Data shown:
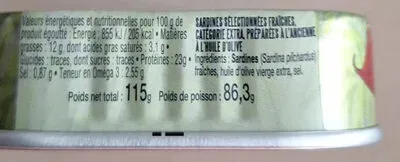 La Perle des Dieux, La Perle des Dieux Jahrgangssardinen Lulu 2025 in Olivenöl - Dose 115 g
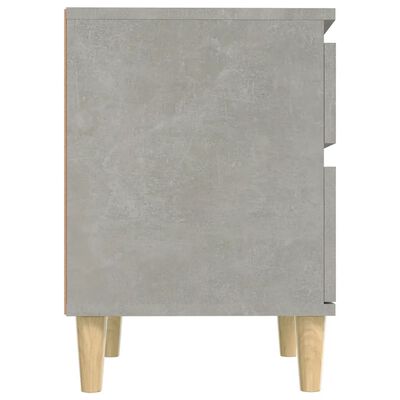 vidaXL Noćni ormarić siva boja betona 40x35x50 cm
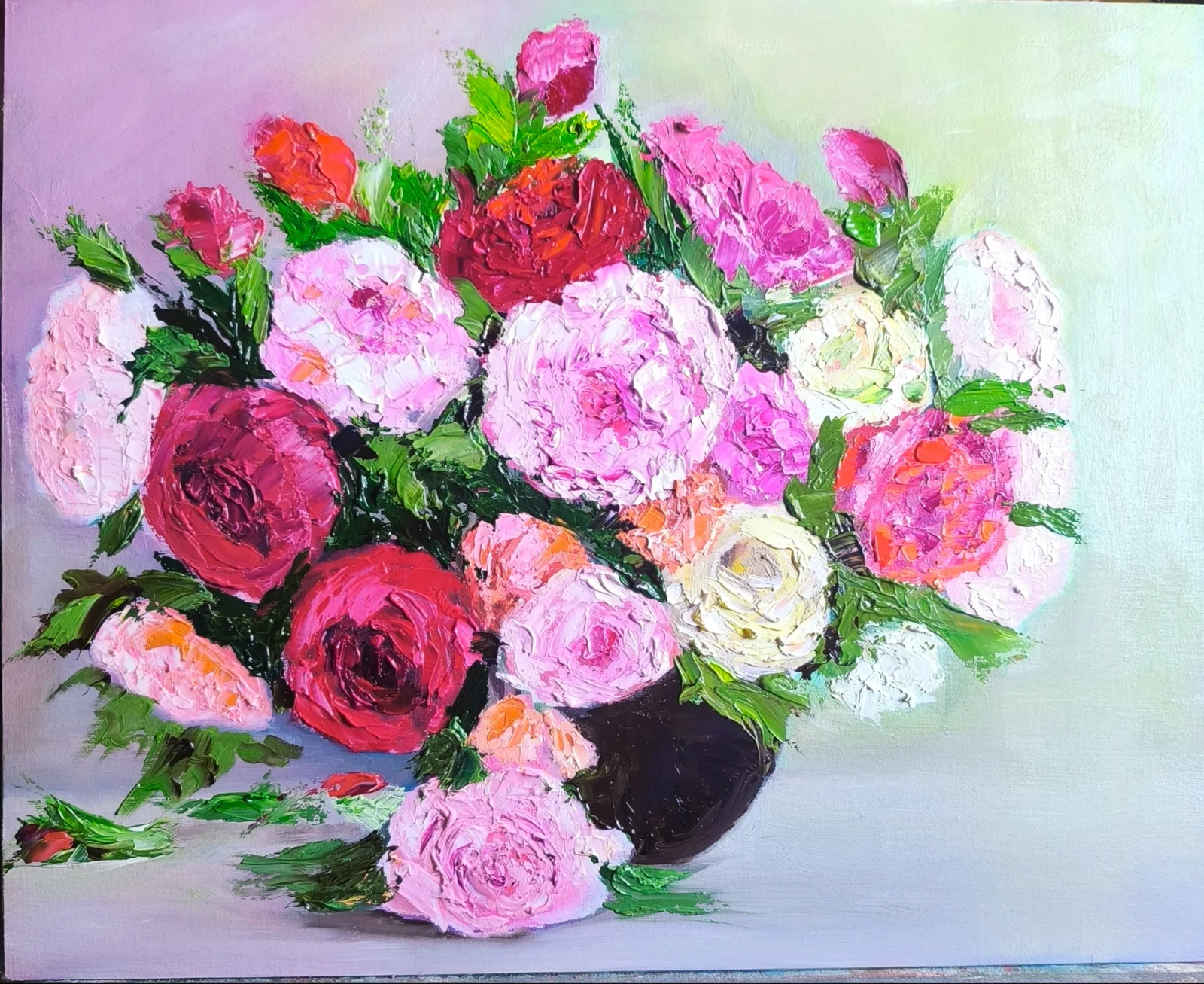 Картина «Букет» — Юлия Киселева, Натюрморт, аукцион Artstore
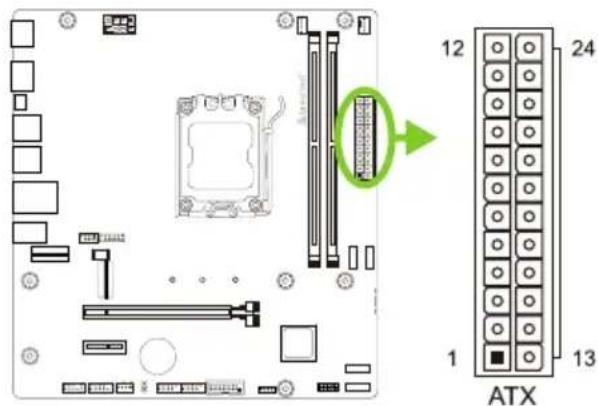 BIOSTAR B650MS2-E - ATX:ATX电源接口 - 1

Work order: Copy the data above line for line, skipping every picture.

Exercise output:
 La Perle des Dieux, La Perle des Dieux Jahrgangssardinen Lulu 2025 in Olivenöl - Dose 115 g
 vidaXL Noćni ormarić siva boja betona 40x35x50 cm
 Картина «Букет» — Юлия Киселева, Натюрморт, аукцион Artstore
 BIOSTAR B650MS2-E - ATX:ATX电源接口 - 1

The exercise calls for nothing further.